In August of 2019, the circuit court held a hearing on petitioner’s motion for a post-
adjudicatory improvement period. While the DHHR and the guardian expressed concern over
petitioner’s ability to comply, neither objected to the motion. The circuit court found that it was
“highly skeptical” of petitioner’s ability to successfully complete an improvement period but
granted her motion. Later that month, petitioner filed a self-represented motion for new counsel.
The circuit court granted the motion, finding a breakdown in communication between petitioner
and her counsel, and appointed petitioner new counsel.
3
In September of 2019, petitioner requested that her visitation with P.M. be reinstated, as it
had been suspended at some point during the proceedings. The circuit court held petitioner’s
request in abeyance pending her scheduled psychiatric assessment and further ordered the child’s
guardian to request a report from the child’s counselor as to whether visitation would be in her
best interest.
The circuit court held a review hearing in October of 2019. Petitioner’s counsel moved to
dismiss the petition, arguing that venue was improper because neither petitioner nor the children
lived in Putnam County at the time of the petition’s filing. The DHHR objected to the motion,
arguing that venue in Putnam Count was proper as some of the respondents were residing there at
the time of the petition’s filing. The DHHR argued that P.M. resided in Putman County “at least
for some time” and argued that some of the allegations of abuse and neglect occurred in Putnam
County. The DHHR also argued that petitioner waived the issue of improper venue by stipulating
to the allegations at adjudication. The circuit court denied the motion, finding that venue was
proper, that the case was “too far down the road,” and that the venue issue had been waived.
Petitioner’s counsel also filed a motion to stay the proceedings and a motion for an additional
mental status examination. Despite the fact that petitioner had recently submitted to a second
psychological evaluation on September 12, 2019, and refused or was unable to comply with the
recommendations of the same, the circuit court granted the motions to provide petitioner the
opportunity to seek help for her obvious mental health issues.
Petitioner submitted to a forensic psychiatric evaluation in November of 2019, which she
independently obtained. The evaluator diagnosed petitioner with bipolar disorder. The evaluator
noted that petitioner’s thought process was tangential and that she expressed paranoid thought
process. For example, petitioner indicated that she did not want to answer certain questions
because “someone was listening.” Petitioner then stated, “I’ve been protected . . . now someone
else is there . . . can’t do this anymore,” along with other unintelligible statements such as “[t]hey
told me fifteen years ago this would happen and who I’d meet.” Petitioner was also tearful during
the evaluation, threatened to leave on multiple occasions, and threatened to go to the police.
Petitioner also refused to perform one test, accusing the evaluator of recording her and using it
against her. The evaluator opined that, with inpatient psychiatric treatment consisting of
medication management targeting petitioner’s diagnosis of bipolar disorder and competency
restoration education, petitioner’s competency could be restored within the foreseeable future.

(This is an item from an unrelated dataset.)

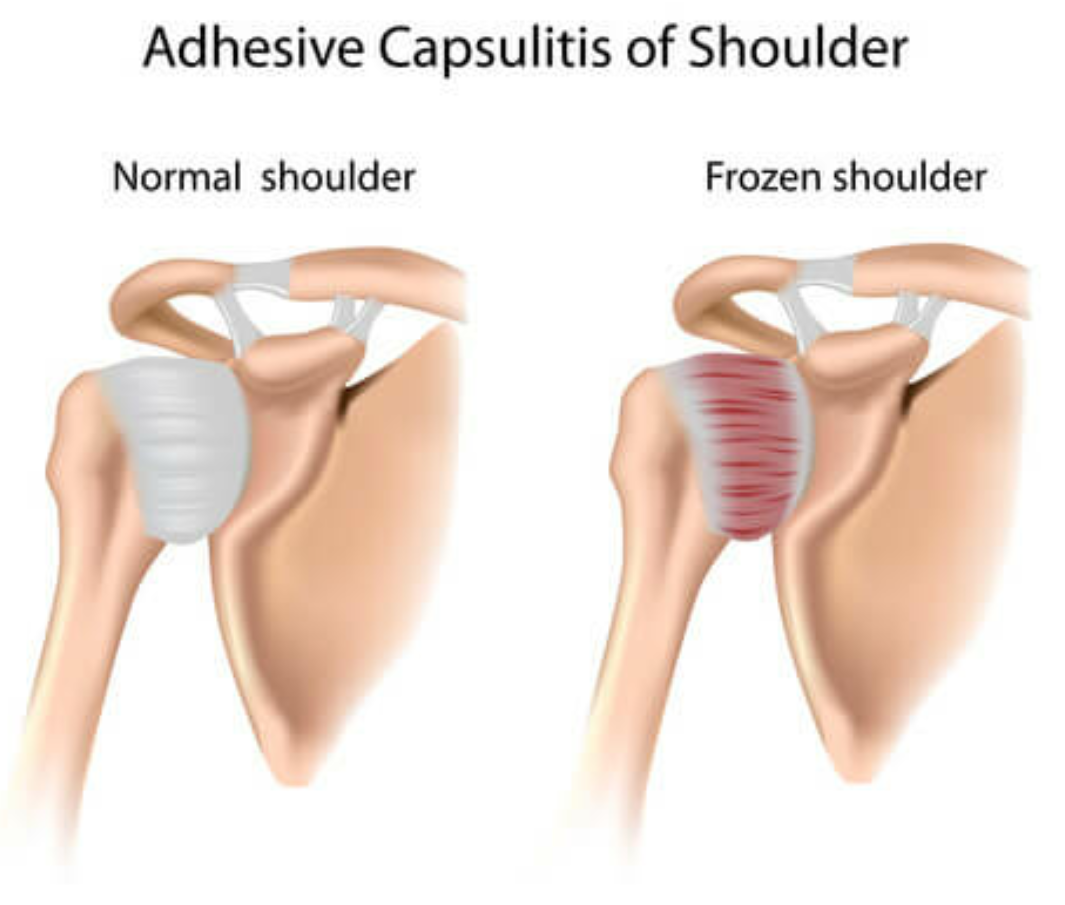 A case of frozen shoulder and hand numbness–Cured by Sujok Therapy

At a status hearing held in January of 2020, the circuit court noted its receipt of petitioner’s
psychological evaluation. Petitioner spoke to the circuit court and stated that she had done
everything asked of her, denied the claims against her, and expressed her uncertainty in submitting
to a treatment plan as she denied any mental health issues. After discussing the next steps in the
matter, the circuit court set the matter for disposition.
In June of 2020, the circuit court held a hearing on petitioner’s “Motion to Recommence
Visitation and/or Transfer Custody.” At the outset, the circuit court dismissed N.C. from the
proceedings as she had reached the age of majority. Turning to petitioner’s motion, the circuit
court acknowledged petitioner’s mental illness but found that petitioner had made no real progress
in the matter. The circuit court found that it did not know if petitioner was unwilling or unable to
participate in services but that she failed to address “the core problem of her mental health.” The
4
circuit court did not question that petitioner cared for and loved P.M. but found that it had to
consider the best interests of the child. The circuit court denied petitioner’s motion to transfer
custody of P.M. to petitioner and further denied in-person visitation. However, the circuit court
granted petitioner monitored telephone contact with the child.

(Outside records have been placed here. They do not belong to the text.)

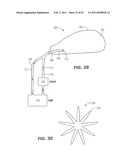 METHODS AND DEVICES FOR TREATMENT OF MIGRAINES diagram and image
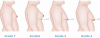 Photo for Man Boobs Surgery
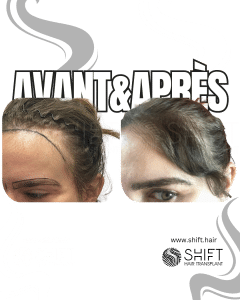 Avant Après une greffe de cheveux pour femmes en Turquie chez SHIFT Hair à Istanbul 13 3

The circuit court held the dispositional hearing in August of 2020. At the conclusion of the
proceedings, the circuit court terminated petitioner’s custodial rights to P.M. The circuit court
noted that petitioner clearly cared for P.M. and, to her credit, had begun the process of obtaining
mental health treatment and addressing her mental health needs. However, based upon the record
before it, the circuit court found that petitioner’s recent efforts had not been consistent or sustained
in such a way that the circuit court “ha[d] any confidence that [petitioner] has rectified these
situations or consistently received treatment in order” to be in a position to regain custody of the
child. The circuit court reiterated that petitioner, “due to her illness, is not able to consistently
provide the kind of parenting that would meet the requirements of the law and these proceedings.”
Based upon the recommendations of the children’s guardian and the DHHR, the circuit court
terminated only petitioner’s custodial rights so that she could seek to modify disposition in the
future after having addressed her mental health issues. Petitioner appeals the September 23, 2020,
dispositional order. 3
The Court has previously established the following standard of review in cases such as this:
“Although conclusions of law reached by a circuit court are subject to de
novo review, when an action, such as an abuse and neglect case, is tried upon the
facts without a jury, the circuit court shall make a determination based upon the
evidence and shall make findings of fact and conclusions of law as to whether such
child is abused or neglected. These findings shall not be set aside by a reviewing
court unless clearly erroneous. A finding is clearly erroneous when, although there
is evidence to support the finding, the reviewing court on the entire evidence is left
with the definite and firm conviction that a mistake has been committed. However,
a reviewing court may not overturn a finding simply because it would have decided
the case differently, and it must affirm a finding if the circuit court’s account of the
evidence is plausible in light of the record viewed in its entirety.” Syl. Pt. 1, In
Interest of Tiffany Marie S., 196 W.Va. 223, 470 S.E.2d 177 (1996).
Syl. Pt. 1, In re Cecil T., 228 W. Va. 89, 717 S.E.2d 873 (2011).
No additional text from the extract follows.